Better behaving clients

Posted Saturday, November 10th, 2018 by Gregory Forman
Filed under Attorney-Client Relations, Not South Carolina Specific, Of Interest to Family Court Litigants, Of Interest to Family Law Attorneys

Earlier this week I received what may be one of the bigger complements of my career. A fellow member of the local family court bar was discussing two recent cases we’d had against each other. In both of these cases my clients had been represented by other attorneys prior to retaining me and in one case that client had hired subsequent counsel before coming back to me. The complement: “your clients were much better behaved when you were representing them.”

To the extent this statement was true, it is a product of intent. Folks may retain family law attorneys with specific goals in mind but generally what they are searching for is peace in their intimate relationships. This is especially true in cases involving children, as the parties will be dealing with each other in raising their children long after the case is over. There are really only three ways for such clients to move towards peace: 1) employ legal strategies that encourage the other side to modify his or her behavior; 2) convince a family court judge to issue orders that improve the client’s situation; 3) have the client behave in ways that create peace. Of these methods, only the third delivers guaranteed results. Even better, this method does not require contested litigation and is thus much less expensive.

There are two easy ways that attorneys can counsel family court clients towards methods that achieve peace. The first is to counsel them that they must follow the court’s orders–no matter how much they dislike them–until the court modifies those orders. There are four reasons this counsel is crucial.

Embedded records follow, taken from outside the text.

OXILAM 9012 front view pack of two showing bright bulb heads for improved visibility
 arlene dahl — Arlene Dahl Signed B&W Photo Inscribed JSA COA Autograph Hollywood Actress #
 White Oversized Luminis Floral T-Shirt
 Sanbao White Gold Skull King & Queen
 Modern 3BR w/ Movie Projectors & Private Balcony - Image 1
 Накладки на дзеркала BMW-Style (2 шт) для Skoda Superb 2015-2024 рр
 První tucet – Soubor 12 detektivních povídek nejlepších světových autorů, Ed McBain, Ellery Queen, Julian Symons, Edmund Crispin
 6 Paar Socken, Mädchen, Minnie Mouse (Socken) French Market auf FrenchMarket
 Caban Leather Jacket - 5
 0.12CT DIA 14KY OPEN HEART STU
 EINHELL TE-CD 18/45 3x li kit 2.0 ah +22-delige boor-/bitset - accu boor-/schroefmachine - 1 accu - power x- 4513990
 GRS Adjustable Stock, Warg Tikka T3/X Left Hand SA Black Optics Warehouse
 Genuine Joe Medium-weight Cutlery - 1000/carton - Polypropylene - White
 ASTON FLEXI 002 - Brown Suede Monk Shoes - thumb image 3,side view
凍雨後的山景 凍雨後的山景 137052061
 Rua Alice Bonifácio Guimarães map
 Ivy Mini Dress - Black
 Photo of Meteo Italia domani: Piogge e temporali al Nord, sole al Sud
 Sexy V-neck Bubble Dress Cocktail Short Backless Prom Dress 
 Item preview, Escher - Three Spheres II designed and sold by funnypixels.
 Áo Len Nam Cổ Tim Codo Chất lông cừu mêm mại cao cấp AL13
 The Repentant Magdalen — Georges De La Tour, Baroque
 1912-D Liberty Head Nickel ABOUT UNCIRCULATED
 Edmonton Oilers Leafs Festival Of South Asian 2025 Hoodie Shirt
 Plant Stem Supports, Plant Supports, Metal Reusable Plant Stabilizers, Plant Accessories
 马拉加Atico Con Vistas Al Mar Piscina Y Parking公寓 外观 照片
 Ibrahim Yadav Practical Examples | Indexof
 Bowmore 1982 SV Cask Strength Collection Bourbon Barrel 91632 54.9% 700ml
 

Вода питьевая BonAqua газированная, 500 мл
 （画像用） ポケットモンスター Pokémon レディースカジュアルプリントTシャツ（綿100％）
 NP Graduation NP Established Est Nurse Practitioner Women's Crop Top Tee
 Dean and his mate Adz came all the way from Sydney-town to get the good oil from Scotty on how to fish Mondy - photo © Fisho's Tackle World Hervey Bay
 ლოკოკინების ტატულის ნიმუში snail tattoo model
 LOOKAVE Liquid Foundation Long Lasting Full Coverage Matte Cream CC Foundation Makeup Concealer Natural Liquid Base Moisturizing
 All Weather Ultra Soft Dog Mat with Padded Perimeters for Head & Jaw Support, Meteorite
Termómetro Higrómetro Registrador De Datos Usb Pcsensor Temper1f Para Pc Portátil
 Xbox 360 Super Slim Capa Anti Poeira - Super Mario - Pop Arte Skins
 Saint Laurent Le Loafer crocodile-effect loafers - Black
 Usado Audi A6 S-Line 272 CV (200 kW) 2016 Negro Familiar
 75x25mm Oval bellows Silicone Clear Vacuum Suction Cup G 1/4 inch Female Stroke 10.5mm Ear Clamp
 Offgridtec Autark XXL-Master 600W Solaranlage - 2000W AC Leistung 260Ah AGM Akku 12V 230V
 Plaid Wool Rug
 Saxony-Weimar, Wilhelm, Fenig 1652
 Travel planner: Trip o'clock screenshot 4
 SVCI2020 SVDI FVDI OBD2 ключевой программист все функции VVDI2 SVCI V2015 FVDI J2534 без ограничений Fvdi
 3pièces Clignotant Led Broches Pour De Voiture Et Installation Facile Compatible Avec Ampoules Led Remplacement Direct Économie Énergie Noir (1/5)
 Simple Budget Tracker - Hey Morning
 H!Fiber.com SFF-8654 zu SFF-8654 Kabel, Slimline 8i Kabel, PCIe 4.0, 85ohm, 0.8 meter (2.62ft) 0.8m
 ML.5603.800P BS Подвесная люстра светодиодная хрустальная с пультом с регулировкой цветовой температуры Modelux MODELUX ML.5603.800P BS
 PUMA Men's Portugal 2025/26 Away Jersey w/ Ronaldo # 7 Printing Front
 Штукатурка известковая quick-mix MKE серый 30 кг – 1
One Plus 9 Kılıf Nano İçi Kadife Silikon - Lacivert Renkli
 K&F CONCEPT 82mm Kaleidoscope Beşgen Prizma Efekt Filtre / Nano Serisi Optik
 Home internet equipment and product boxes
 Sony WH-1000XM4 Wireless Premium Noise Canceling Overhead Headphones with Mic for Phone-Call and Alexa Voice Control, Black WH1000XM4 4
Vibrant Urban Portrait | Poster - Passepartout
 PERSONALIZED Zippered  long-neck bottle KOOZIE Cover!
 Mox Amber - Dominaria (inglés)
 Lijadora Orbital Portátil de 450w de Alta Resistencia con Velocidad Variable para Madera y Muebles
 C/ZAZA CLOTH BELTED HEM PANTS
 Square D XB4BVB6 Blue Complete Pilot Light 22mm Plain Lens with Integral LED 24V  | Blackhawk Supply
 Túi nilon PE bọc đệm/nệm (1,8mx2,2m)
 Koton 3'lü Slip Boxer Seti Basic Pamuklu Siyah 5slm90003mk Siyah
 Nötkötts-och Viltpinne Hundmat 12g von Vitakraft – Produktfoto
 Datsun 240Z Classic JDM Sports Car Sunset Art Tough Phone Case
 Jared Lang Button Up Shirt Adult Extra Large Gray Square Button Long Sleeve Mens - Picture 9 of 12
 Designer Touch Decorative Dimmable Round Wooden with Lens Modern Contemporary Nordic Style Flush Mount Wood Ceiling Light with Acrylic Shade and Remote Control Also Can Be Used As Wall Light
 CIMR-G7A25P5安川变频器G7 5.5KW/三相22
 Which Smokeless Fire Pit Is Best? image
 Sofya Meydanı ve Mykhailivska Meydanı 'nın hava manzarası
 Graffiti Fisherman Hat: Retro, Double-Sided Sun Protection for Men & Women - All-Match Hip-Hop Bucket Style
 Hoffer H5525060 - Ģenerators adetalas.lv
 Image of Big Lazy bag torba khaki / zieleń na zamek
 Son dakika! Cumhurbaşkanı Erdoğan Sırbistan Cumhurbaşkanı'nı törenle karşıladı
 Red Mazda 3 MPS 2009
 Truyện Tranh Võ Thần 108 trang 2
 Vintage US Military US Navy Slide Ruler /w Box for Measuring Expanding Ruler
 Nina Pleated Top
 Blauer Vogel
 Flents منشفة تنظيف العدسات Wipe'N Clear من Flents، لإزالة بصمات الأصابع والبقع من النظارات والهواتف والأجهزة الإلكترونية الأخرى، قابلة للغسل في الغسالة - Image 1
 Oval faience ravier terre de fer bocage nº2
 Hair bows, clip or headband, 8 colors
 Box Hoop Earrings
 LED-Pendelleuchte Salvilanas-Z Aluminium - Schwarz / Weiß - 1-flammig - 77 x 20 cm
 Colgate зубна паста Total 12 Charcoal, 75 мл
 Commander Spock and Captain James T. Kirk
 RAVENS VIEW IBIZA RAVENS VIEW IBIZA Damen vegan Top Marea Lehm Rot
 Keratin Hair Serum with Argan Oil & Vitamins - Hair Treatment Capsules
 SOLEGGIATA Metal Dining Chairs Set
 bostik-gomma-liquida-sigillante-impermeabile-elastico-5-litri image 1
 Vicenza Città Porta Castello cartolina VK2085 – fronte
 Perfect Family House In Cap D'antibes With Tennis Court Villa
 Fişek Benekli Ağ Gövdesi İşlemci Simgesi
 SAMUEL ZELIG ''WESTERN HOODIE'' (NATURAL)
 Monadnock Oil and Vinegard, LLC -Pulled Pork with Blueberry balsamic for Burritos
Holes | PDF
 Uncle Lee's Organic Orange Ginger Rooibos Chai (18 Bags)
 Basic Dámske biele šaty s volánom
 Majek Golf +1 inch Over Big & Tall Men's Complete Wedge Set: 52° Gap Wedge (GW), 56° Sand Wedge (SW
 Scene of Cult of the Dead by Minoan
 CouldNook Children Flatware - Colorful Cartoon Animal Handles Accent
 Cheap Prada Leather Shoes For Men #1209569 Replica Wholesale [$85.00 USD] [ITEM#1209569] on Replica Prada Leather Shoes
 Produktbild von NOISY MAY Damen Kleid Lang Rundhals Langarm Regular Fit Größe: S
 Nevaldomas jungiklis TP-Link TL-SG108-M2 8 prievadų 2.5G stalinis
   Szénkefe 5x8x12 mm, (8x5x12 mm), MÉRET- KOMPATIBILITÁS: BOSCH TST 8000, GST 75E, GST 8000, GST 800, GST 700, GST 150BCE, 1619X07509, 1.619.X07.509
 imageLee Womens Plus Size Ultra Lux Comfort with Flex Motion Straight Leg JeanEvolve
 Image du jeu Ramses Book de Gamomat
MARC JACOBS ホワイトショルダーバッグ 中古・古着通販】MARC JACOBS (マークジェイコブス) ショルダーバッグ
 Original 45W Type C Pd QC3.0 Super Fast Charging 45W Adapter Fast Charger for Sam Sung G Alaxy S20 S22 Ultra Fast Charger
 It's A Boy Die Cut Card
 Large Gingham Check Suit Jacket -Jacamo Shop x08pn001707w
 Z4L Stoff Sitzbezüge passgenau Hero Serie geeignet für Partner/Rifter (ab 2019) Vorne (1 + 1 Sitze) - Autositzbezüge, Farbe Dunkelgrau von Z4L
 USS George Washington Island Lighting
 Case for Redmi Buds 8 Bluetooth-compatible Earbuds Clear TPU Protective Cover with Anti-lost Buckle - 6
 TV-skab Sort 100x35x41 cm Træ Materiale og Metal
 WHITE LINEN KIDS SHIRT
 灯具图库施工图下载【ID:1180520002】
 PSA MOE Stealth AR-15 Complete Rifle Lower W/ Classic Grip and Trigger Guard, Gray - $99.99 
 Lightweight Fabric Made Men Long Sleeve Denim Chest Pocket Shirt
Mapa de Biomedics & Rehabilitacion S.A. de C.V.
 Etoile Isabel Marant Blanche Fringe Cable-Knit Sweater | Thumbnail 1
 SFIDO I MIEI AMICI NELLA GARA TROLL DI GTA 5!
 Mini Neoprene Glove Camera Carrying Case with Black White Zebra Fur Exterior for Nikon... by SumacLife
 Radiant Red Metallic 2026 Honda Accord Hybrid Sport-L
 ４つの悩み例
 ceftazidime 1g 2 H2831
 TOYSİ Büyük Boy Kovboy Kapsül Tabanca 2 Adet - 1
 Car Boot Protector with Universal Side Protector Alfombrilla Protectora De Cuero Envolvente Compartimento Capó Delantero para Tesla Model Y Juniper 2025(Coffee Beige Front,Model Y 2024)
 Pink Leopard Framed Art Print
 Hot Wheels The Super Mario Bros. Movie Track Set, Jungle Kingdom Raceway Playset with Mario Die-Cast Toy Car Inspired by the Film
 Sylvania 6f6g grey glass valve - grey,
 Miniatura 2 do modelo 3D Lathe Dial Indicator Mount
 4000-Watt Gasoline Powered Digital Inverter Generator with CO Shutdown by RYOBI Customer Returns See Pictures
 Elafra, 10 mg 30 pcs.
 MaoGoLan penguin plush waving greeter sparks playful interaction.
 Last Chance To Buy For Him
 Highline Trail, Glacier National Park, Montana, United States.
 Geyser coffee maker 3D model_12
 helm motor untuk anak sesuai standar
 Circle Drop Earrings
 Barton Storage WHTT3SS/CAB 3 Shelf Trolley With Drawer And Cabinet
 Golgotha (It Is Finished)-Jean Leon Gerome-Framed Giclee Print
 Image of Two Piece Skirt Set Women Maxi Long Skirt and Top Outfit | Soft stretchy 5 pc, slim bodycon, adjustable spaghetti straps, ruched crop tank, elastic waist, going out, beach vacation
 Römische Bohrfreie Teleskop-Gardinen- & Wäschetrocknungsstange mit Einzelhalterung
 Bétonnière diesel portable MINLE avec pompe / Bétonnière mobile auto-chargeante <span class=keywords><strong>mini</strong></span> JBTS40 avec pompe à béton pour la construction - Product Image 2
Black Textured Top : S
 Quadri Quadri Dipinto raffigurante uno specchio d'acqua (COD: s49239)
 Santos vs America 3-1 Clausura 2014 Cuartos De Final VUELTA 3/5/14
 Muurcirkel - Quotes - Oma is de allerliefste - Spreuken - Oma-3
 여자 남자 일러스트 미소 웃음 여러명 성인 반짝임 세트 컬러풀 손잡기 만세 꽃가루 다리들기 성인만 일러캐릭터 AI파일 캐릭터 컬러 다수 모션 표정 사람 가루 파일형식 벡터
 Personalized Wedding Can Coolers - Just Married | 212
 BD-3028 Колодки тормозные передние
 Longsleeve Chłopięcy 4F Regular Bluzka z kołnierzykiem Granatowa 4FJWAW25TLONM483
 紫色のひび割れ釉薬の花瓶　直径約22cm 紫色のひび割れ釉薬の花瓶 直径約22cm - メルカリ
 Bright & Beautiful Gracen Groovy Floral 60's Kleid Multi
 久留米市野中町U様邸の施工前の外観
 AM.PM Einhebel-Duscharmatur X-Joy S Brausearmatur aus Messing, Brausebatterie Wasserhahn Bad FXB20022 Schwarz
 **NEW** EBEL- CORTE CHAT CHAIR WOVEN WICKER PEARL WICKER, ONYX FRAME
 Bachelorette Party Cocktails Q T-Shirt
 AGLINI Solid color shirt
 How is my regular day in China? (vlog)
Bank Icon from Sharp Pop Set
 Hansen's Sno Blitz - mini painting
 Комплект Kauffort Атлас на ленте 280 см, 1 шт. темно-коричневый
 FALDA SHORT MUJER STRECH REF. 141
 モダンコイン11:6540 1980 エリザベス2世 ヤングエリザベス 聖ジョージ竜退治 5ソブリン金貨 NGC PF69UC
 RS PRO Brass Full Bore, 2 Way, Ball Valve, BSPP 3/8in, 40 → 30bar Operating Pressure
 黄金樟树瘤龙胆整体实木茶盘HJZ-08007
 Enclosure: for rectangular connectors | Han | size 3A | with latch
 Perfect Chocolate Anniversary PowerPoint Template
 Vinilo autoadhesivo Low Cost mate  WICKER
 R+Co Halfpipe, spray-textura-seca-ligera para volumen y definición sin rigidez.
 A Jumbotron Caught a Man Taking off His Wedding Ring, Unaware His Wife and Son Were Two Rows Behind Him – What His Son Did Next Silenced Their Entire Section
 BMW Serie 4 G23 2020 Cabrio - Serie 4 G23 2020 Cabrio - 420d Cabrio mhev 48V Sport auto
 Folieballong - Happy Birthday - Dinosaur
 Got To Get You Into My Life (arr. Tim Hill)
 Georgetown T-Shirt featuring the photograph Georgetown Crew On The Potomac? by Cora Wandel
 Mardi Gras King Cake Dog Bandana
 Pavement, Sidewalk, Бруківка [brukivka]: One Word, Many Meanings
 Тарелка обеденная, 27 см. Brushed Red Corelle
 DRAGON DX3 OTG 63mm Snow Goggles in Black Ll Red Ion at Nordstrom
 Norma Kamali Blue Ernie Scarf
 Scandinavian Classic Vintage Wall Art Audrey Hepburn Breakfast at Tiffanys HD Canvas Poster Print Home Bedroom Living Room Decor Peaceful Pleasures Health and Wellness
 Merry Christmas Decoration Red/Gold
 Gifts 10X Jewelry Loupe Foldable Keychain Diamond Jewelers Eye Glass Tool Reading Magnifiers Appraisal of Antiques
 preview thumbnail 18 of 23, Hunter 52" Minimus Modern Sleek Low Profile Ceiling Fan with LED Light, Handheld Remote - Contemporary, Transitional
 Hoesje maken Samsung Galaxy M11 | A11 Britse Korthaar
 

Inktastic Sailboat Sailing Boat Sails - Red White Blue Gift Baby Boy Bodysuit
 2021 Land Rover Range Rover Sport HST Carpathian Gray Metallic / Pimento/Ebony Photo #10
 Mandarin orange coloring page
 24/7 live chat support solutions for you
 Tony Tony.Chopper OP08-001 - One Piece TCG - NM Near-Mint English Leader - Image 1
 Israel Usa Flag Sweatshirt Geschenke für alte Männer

First, a failure to follow court orders typically leads to contempt proceedings. The consequences of being found in contempt can be devastating: $1,500 fine; payment of the other party’s attorney’s fees and costs; 300 hours of community service; a year in jail. Additionally, the failure to follow court orders places both parties in a state of perpetual anxiety, as neither party can rely upon that order’s commands to set expectations on conduct.  Further, being found in contempt greatly increases the other party’s ability to get court orders modified in his or her favor and greatly reduces the client’s ability to do the same. Finally, financial resources a client might use to obtain more favorable orders are now being used to defend contempt proceedings. Clients do not like being told that they must follow provisions of court orders they don’t like. However, such counsel is critical.

The second bit of advice to get better behaving clients is to push them to treat the other party with kindness, no matter how the other party is treating them. There are myriad benefits to such counsel. A subtle benefit is treating the other party with kindness may alter a pattern of mutual disrespect and thereby enable the parties to resolve their differences cooperatively. The obvious benefit is that it makes the family court judge’s task much easier when one party is kind and the other is disputatious. When both parties are treating each other rudely, it’s hard for a family court judge to determine how co-parenting problems may be resolved. When one party is kind and the other is rude, solutions become more obvious.

It should be routine counsel that all communication be conducted with the expectation that a family court judge will read, listen to, or watch it. The test isn’t whether that communication makes the client momentarily feel better (as bouts of self-righteous anger often do) but whether, upon cool reflection, it makes the client feel mature. Further clients could be counseled to develop a more generous mind set. When receiving a request from the other party, clients often seek their attorney’s interpretation of an order with the question, “Do I have to…?” I turn their question around with a “what would be the concern if you did?” If the sole concern is being seen as a pushover, I will typically counsel the client to agree to the other side’s request for a few times and see if the other side develops a more generous attitude. If, over time, my client’s generosity doesn’t engender a more generous attitude by the other party, we can still address these requests with a polite no rather than an accusatory criticism.

Earlier this summer, an opposing attorney asked me to interpret an order that gave my client five weeks at summer. That attorney wanted to know whether the order allowed my client to select two two-week periods and one one-week period (as my client requested) or one two-week period and three one-week periods (as his client demanded). Rather than answer that question, I asked him why it mattered and did his client really need to create this dispute. That question was never answered and my client received the visitation schedule he requested. However, that attorney should never have even raised this issue–and wouldn’t have if he’d asked his client why it mattered. Yet to ask one’s client this question will often cause the client to question that attorney’s advocacy: “why are you taking the other’s side?” The answer: “because changing your relationship dynamic is a key to solving your relationship problem.”

Teaching clients to follow court orders (until modified) even when they don’t like them and to treat the opposing party with kindness may not make the attorney liked. However experience teaches that it solves more problems than all my fancy litigation skills.